Le music-hall, c’est cet endroit si particulier où tous les arts se confondent, s’enchainent et se superposent pour toujours maintenir le public en éveil. Et rien de ce que proposent les comédiens de Music All ne fait déshonneur à cet esprit. Aussi drôle que poétique, tant visuel que musical, parfois politique ou impertinent, c’est un numéro sans fin, sans filtre et sans filet durant lequel le temps file sans faiblir. Avec une nostalgie souvent enfantine et une énergie cabotine, les performances s’offrent au spectateur dans un univers qui tient autant de la féérie fantastique que de la froide réalité.
Et l’on comprend, peu à peu, que ces trois hommes travestis se sont sans doute échoués, pas forcément malgré eux, aux abords d’une station-service le long d’une autoroute.
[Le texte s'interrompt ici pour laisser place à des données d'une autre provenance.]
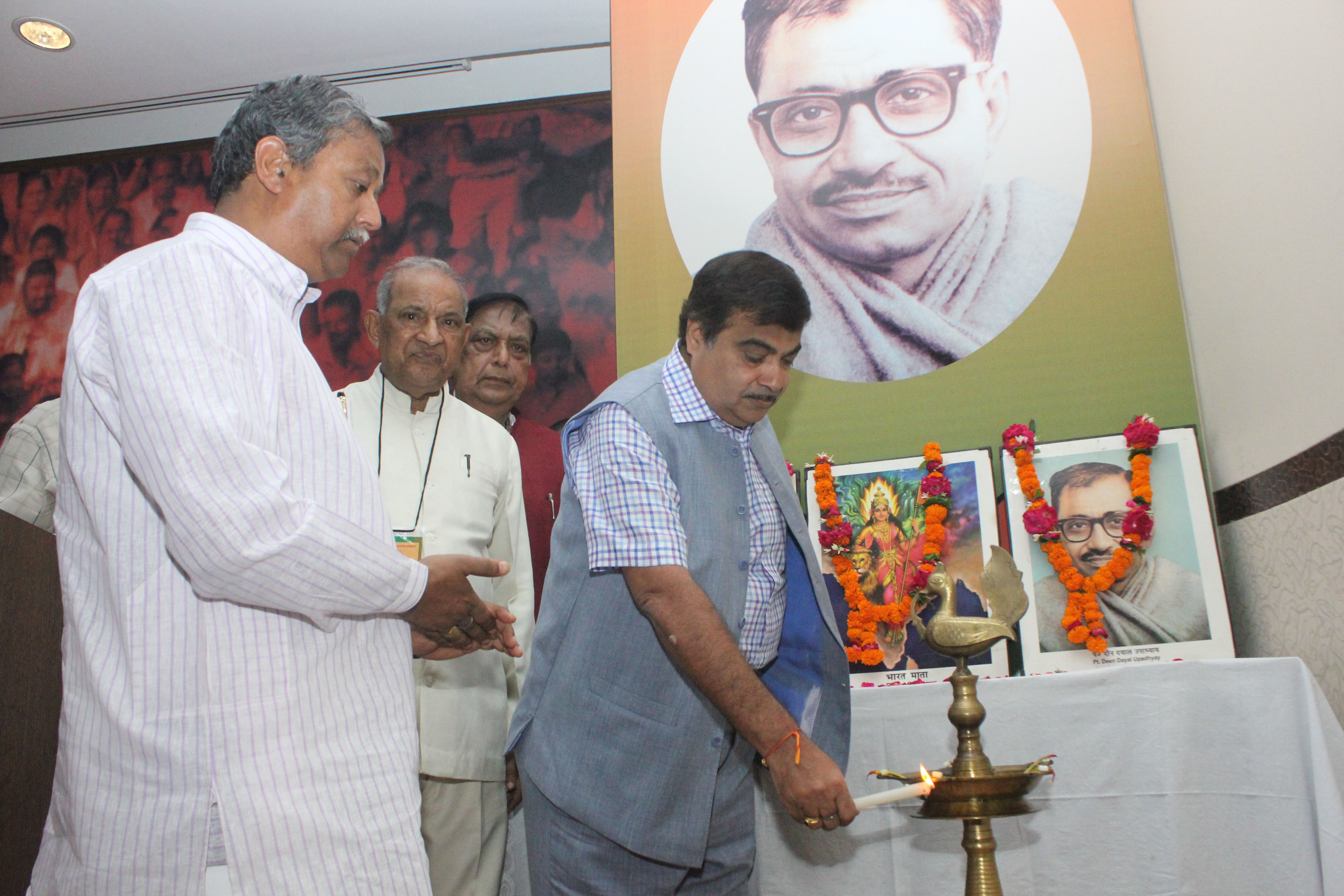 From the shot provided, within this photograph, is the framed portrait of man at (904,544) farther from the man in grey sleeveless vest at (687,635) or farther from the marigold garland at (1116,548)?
the man in grey sleeveless vest at (687,635)

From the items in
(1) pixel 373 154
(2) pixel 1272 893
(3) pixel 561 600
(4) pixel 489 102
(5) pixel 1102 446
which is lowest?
(2) pixel 1272 893

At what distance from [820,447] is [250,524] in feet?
6.40

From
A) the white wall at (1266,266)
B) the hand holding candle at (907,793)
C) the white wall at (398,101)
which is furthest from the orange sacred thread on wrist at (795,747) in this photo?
the white wall at (398,101)

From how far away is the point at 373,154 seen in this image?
174 cm

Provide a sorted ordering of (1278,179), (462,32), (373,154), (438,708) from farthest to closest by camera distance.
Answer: (462,32) → (438,708) → (1278,179) → (373,154)

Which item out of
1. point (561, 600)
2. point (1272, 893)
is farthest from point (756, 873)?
point (1272, 893)

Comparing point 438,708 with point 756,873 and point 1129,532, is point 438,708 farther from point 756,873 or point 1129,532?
point 1129,532

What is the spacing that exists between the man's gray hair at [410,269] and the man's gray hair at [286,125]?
130 cm

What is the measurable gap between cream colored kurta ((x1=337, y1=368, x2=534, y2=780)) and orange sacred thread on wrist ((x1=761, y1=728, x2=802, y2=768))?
849 millimetres

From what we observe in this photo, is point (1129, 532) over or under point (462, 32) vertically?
under

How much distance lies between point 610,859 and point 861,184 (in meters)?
2.07

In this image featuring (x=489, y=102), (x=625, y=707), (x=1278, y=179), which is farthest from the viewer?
(x=489, y=102)

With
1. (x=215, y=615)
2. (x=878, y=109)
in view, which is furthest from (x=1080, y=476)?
(x=215, y=615)

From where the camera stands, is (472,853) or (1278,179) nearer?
(1278,179) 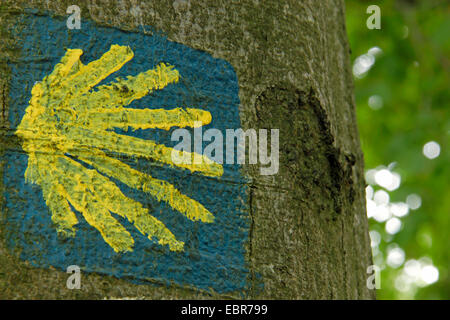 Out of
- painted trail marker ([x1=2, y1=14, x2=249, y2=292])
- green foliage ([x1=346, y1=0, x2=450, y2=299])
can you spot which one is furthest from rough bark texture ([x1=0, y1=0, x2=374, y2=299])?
green foliage ([x1=346, y1=0, x2=450, y2=299])

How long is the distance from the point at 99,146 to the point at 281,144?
0.29 meters

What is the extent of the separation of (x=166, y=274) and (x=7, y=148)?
28cm

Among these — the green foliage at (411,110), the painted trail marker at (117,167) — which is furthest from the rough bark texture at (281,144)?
the green foliage at (411,110)

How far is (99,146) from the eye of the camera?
763 millimetres

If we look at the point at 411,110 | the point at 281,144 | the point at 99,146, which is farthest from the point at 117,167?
the point at 411,110

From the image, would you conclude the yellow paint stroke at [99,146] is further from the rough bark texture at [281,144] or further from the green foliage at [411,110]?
the green foliage at [411,110]

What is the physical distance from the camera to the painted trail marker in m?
0.74

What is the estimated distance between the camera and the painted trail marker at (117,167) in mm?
739

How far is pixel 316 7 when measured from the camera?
1003mm

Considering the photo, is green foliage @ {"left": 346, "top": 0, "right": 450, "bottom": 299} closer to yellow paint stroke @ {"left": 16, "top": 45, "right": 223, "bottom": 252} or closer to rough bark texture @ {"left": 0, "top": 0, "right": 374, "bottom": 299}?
rough bark texture @ {"left": 0, "top": 0, "right": 374, "bottom": 299}

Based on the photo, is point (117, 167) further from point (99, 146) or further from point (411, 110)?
point (411, 110)

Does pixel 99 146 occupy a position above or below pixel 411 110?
below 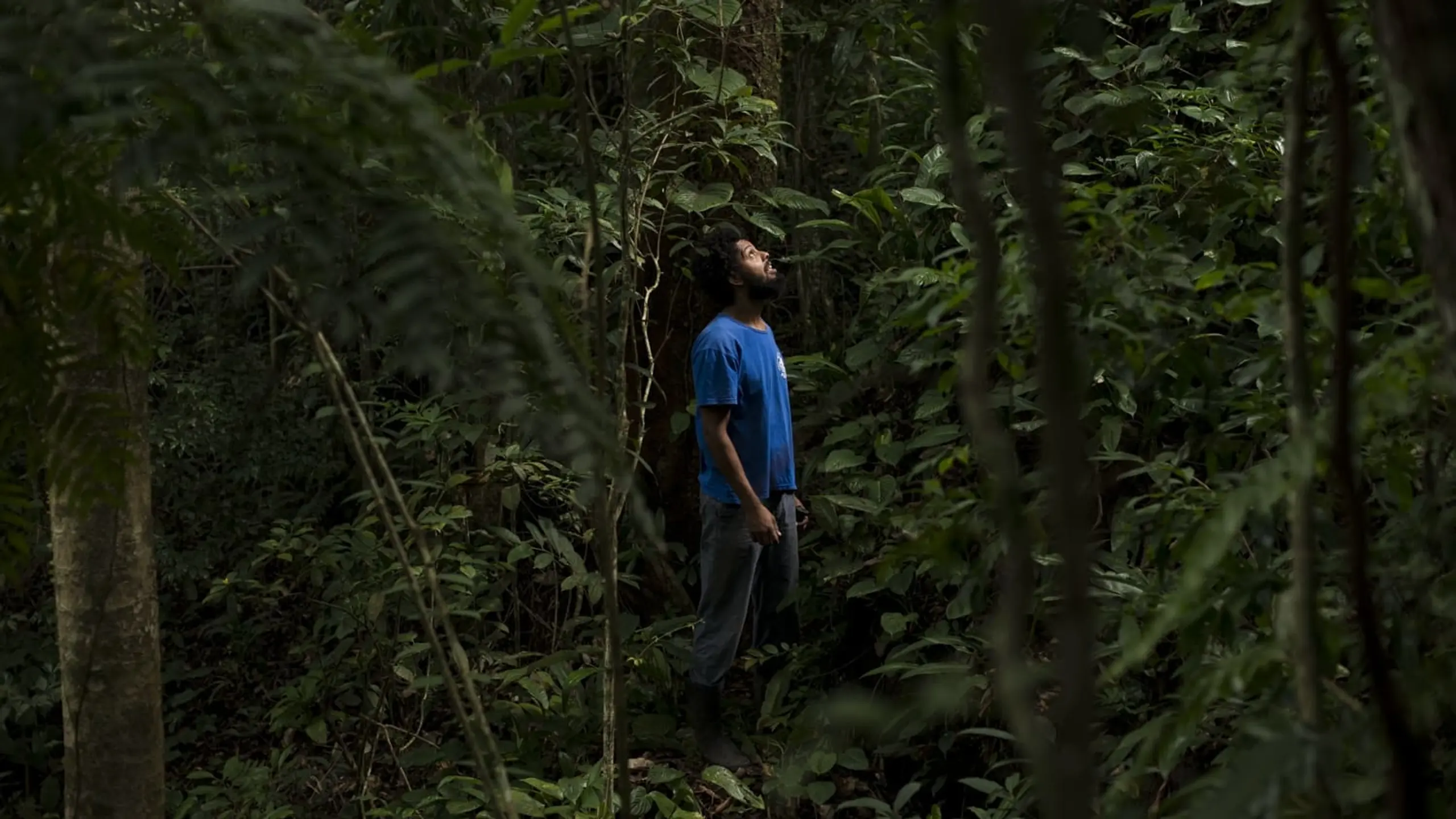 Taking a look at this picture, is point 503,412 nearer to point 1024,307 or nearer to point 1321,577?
point 1024,307

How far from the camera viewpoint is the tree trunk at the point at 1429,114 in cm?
77

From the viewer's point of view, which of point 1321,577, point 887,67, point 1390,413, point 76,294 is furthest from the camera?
point 887,67

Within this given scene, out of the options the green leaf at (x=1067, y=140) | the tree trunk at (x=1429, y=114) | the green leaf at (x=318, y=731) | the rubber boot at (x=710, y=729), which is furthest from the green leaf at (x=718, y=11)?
the tree trunk at (x=1429, y=114)

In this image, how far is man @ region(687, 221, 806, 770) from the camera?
4.42m

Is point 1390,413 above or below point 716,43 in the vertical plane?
below

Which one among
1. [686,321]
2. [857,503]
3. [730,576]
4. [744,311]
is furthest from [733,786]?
[686,321]

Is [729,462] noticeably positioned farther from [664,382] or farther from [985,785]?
[985,785]

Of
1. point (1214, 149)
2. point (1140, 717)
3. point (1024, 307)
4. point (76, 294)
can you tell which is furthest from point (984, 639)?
point (76, 294)

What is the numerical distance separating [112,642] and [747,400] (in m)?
2.08

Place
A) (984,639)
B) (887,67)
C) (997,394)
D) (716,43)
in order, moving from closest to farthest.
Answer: (997,394), (984,639), (887,67), (716,43)

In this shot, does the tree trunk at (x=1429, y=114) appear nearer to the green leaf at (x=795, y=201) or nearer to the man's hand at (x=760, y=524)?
the man's hand at (x=760, y=524)

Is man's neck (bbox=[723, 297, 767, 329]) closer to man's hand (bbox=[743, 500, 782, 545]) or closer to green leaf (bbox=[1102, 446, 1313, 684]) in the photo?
man's hand (bbox=[743, 500, 782, 545])

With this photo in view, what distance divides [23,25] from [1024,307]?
3.96 feet

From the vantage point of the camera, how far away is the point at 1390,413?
1471 mm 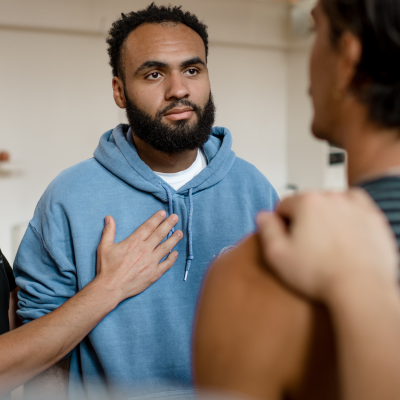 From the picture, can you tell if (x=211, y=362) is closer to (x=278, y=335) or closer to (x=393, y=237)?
(x=278, y=335)

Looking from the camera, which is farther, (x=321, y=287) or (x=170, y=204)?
(x=170, y=204)

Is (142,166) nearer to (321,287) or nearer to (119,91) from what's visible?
(119,91)

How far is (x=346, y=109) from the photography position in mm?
511

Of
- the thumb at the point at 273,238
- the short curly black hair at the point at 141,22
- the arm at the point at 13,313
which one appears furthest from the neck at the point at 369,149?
the arm at the point at 13,313

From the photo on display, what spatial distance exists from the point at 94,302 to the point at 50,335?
125mm

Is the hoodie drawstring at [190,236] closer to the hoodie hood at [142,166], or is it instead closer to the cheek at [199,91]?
the hoodie hood at [142,166]

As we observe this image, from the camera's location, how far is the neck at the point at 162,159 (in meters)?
1.21

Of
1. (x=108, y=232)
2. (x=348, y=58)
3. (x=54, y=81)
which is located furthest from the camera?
(x=54, y=81)

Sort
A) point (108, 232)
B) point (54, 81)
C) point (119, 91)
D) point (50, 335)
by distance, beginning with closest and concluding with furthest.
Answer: point (50, 335) → point (108, 232) → point (119, 91) → point (54, 81)

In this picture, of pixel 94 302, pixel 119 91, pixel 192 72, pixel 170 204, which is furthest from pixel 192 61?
pixel 94 302

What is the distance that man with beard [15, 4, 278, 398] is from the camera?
106 cm

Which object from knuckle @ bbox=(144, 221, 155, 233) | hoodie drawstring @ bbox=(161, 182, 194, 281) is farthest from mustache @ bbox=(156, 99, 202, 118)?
knuckle @ bbox=(144, 221, 155, 233)

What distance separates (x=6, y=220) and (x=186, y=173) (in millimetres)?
2058

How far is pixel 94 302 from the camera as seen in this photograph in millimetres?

Ici, ces réminiscences de drag-queens peuvent continuer à se produire, à faire le show, comme elles l’ont sûrement toujours fait au cours d’une carrière qui n’est plus. Avec ou sans public, le spectacle doit continuer. Les spectateurs se font rares, alors on cherche à les retenir par tous les moyens, comme cet homme marginal qui n’atteindra jamais le téléphone, pourtant seul véritable lien vers le monde extérieur, qui sonne inexorablement.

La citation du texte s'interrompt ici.